John Calvin As Pastor -- By: Shawn D. Wright

Journal: Southern Baptist Journal of Theology
Volume: SBJT 13:4 (Winter 2009)
Article: John Calvin As Pastor
Author: Shawn D. Wright

John Calvin As Pastor

Shawn D. Wright

Shawn D. Wright is Associate Professor of Church History at The Southern Baptist Theological Seminary. He has been active in church planting and pastoring and currently serves as an elder at Clifton Baptist Church in Louisville, Kentucky. In addition to contributing in journals, Dr. Wright has authored Our Sovereign Refuge: The Pastoral Theology of Theodore Beza (Wipf and Stock, 2007) and co-edited Believer’s Baptism: Sign of the New Covenant In Christ (Broadman & Holman, 2007) with Thomas R. Schreiner.

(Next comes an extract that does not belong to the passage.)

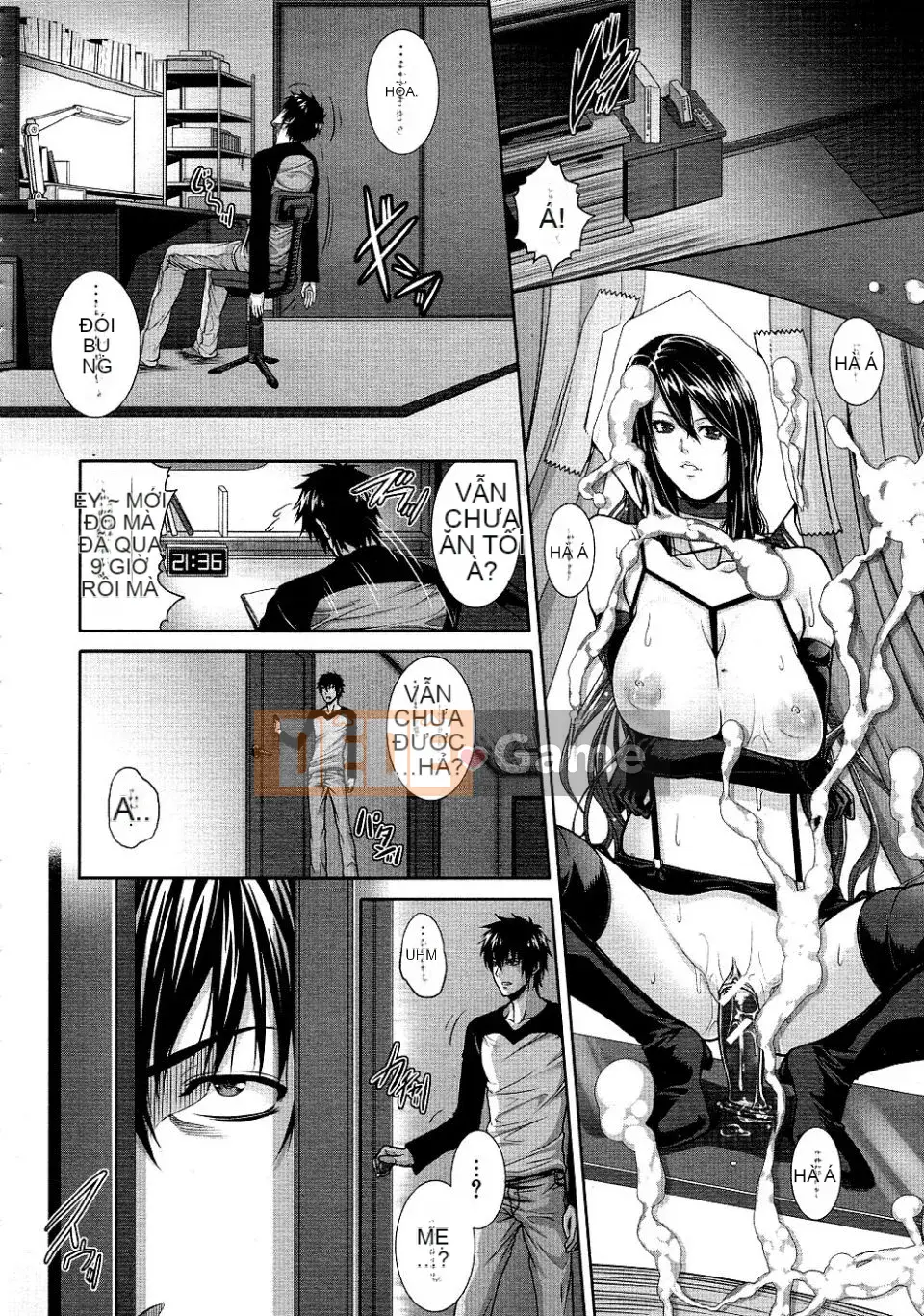 [Zucchini] Gia đình loạn luân 1-2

Everyone seems to have a strong opinion about John Calvin. Charles Spurgeon did. He said, “The longer I live the clearer does it appear that John Calvin’s system is the nearest to perfection.” Another preacher had a more negative view. Jimmy Swaggart noted that “Calvin has, I believe, caused untold millions of souls to be damned.” Even supposedly “neutral” and scholarly sources like the Oxford Dictionary of the Christian Church cannot help claiming that “Calvin was the ‘cruel’ and ‘the unopposed dictator of Geneva.’” So much for scholarly objectivity! Even Calvin’s contemporaries had varied evaluations of him. One of his best friends and his chosen successor, Theodore Beza, eulogized him in this way: “I have been a witness of him for sixteen years, and I think that I am fully entitled to say that in this man there was exhibited to all an example of the life and death of the Christian, such as it will not be easy to depreciate, and it will be difficult to imitate.”1 Jerome Bolsec was another early biographer of Calvin. He, though, had been run out of Geneva by Calvin and the city authorities for his attack on predestination and later reverted to Catholicisim. Here’s his evaluation of the Genevan:

It seems that in our day this enemy of God and Christian unity [that is, Satan] has gathered most of the described heresies and false doctrines already long refuted and condemned and stowed them away in the city of Geneva through Jean Calvin of Noyon, a man, among others of the world, ambitious, presumptuous, arrogant, cruel, malicious, vindictive and, above all, ignorant.2

If nothing else, this shows us that the study of Calvin is a very interesting subject indeed.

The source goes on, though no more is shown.